Osmanlı Devleti Kruja’yı fethetmek için 24 yıl batı kaynaklarında Skanderbeg olarak anılan İskender Bey ile mücadele etmek durumunda kalmıştı.
Antonio Bragadio ve Amiral Bragadio Olayı
Osmanlı Devleti’nin en parlak dönemi olan Kanuni Sultan Süleyman’ın Akdeniz üzerinde kurmak istediği bir Türk hakimiyeti vardı. Bölgenin geneli için bu istek o dönem karşılanmış olsa da amacı baltalayan bir ada vardı: Kıbrıs. Bugün dahi sorunlar yaşadığımız Kıbrıs meselesi o dönemde de gündemi meşgul eden önemli konulardan biriydi.
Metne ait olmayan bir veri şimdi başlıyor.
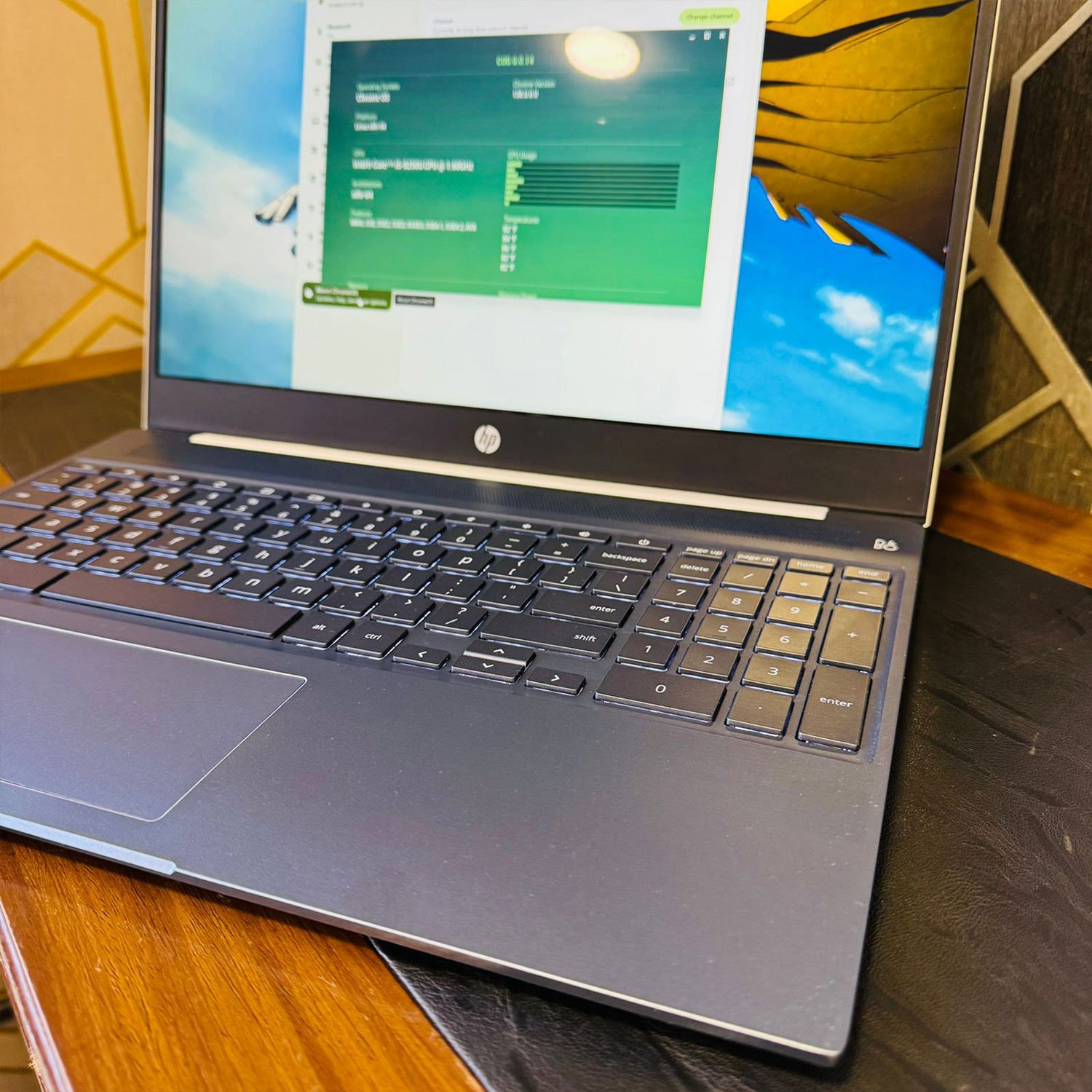 HP Chromebook 15-de0523dx | 8GB Ram | 128GB SSD | Playstore Supported | Intel Core i5 - 8250U 1.60GHz | Touchscreen | 2028 Updateable | 15.6 inch Display | Chromebook - Image 3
Venedik egemenliğinde olan adayı almanın şart olduğunu gören dönemin yönetimi bir sefer kararı daha alır. Bu sefer için gerekçeler ortaya çıkmış ve yönetime göre şartlar olgunlaşmıştı. Bu gerekçeler arasında adaya hükmeden Venediklilerin korsanlık faaliyetlerine devam etmesi ve Osmanlı gemilerine saldırmaktan çekinmemesi yer alıyordu.
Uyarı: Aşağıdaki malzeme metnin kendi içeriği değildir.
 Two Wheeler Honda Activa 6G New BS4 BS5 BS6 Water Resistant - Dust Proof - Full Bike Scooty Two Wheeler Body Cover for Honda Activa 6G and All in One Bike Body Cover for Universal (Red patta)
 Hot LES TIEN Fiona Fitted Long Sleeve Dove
Ada yönetiminin başında yer alan Venedik komutanı Antonio Bragadio, birçok askeri harekata katılmış ve Amiral rütbesine yükseltilmiş tarihi bir kişilik.
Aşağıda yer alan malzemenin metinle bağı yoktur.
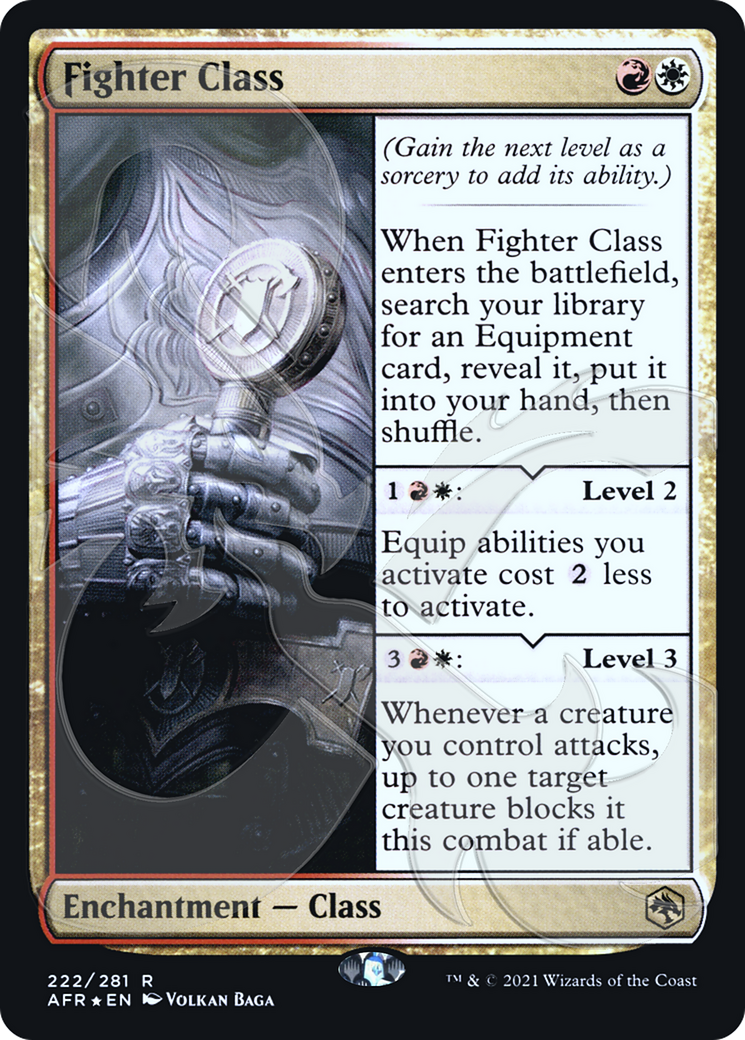 {R} Fighter Class (Ampersand Promo) [Dungeons & Dragons: Adventures in the Forgotten Realms Promos][AMP AFR 222]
Amiral Bragadio Olayı ise, seferi başarıya ulaştıran Osmanlı komutanı Lala Mustafa Paşa’nın, kuşatma öncesinde esir edilen yaklaşık 50 Türk’ün işkenceyle katledilmesinin gün yüzüne çıkması sonrası Amiral Bragadio’nun ve ileri gelen komutanları derilerini yüzerek öldürmesini anlatıyor.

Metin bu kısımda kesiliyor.